Besluit klachtenfunctionaris NMa/DTe

Nr.: 01046040

De directeur-generaal van de Nederlandse mededingingsautoriteit en de directeur van de Dienst uitvoering en toezicht Energie;

Gelet op hoofdstuk 9 van de Algemene wet bestuursrecht,

Besluiten:

Artikel 1

In dit besluit wordt verstaan onder:

klacht: een klacht in de zin van artikel 9:1 van de Algemene wet bestuursrecht over een gedraging die voor de verantwoordelijkheid komt van de directeur-generaal van de Nederlandse mededingingsautoriteit of de directeur van de Dienst uitvoering en toezicht Energie;

klachtenfunctionaris: degene die in gevolge artikel 2 van deze regeling is belast met de behandeling van en de advisering over klachten.

Artikel 2

1. Met de behandeling van en de advisering over klachten worden belast mr. J. Nicaise en als zijn plaatsvervanger drs. E.J. Kloosterhuis, beiden raadadviseur bij de Nederlandse mededingingsautoriteit.

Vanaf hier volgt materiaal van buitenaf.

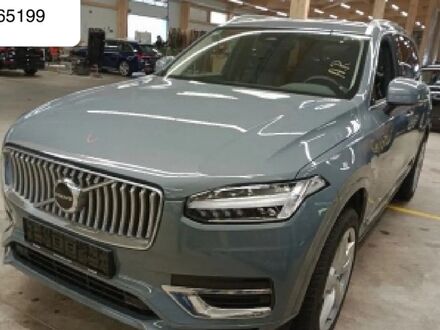 Вольво ХС90 2023 в Европе на Automoto.ua Серый Вольво ХС90, объемом двигателя 1.97 л и пробегом 66 тыс. км за 59470 $, фото 1 на Automoto.ua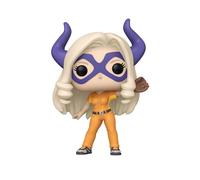 Funko Pop! Super: MHA HLB - MT. Mount Lady - (Baseball) - My Hero Academia - Figura de Vinilo Coleccionable - Idea de Regalo- Mercancia Oficial - Juguetes para Niños y Adultos - Anime Fans
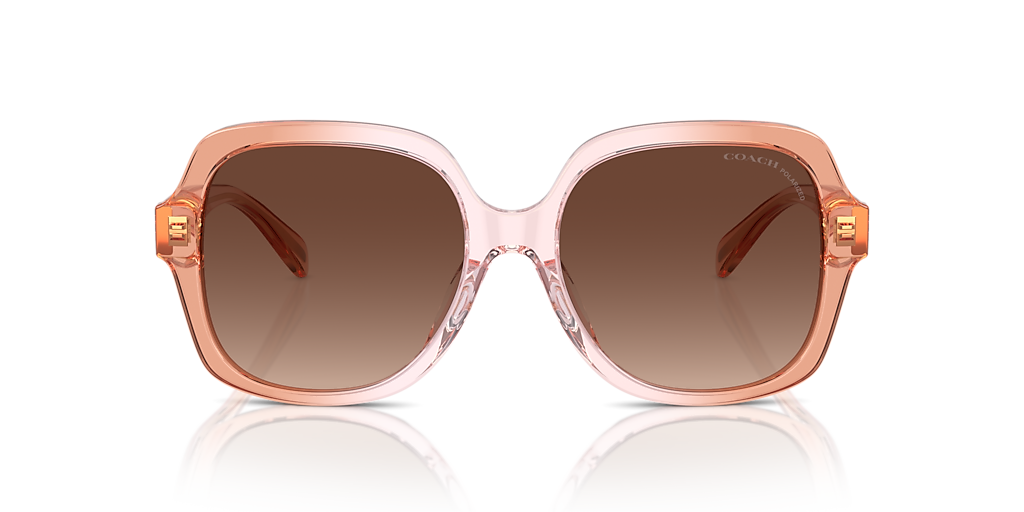 Saddle/Dusty Rose Gradient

2. In afzonderlijke gevallen kan een andere persoon met de behandeling van en de advisering over klachten worden belast.

Artikel 3

1. Schriftelijke klachten als bedoeld in artikel 9:4 van de Algemene wet bestuursrecht kunnen worden gericht aan:

Klachtenfunctionaris NMa/DTe

Postbus 16326

2500 BH Den Haag

2. De klachtenfunctionaris bevordert in daarvoor in aanmerking komende gevallen dat mondeling of telefonisch ingediende klachten op schrift worden gesteld.

Artikel 4

1. De klachtenfunctionaris kan, alvorens tot verdere behandeling van een klacht over te gaan, trachten door overleg of bemiddeling dan wel op andere wijze tot een oplossing te komen. Hij kan daartoe contact opnemen met de klager.

2. Bij de behandeling van schriftelijke klachten wordt de procedure geregeld in afdeling 9.3 van de Algemene wet bestuursrecht gevolgd, tenzij de klachtenfunctionaris dit gelet op de aard van de klacht niet opportuun acht.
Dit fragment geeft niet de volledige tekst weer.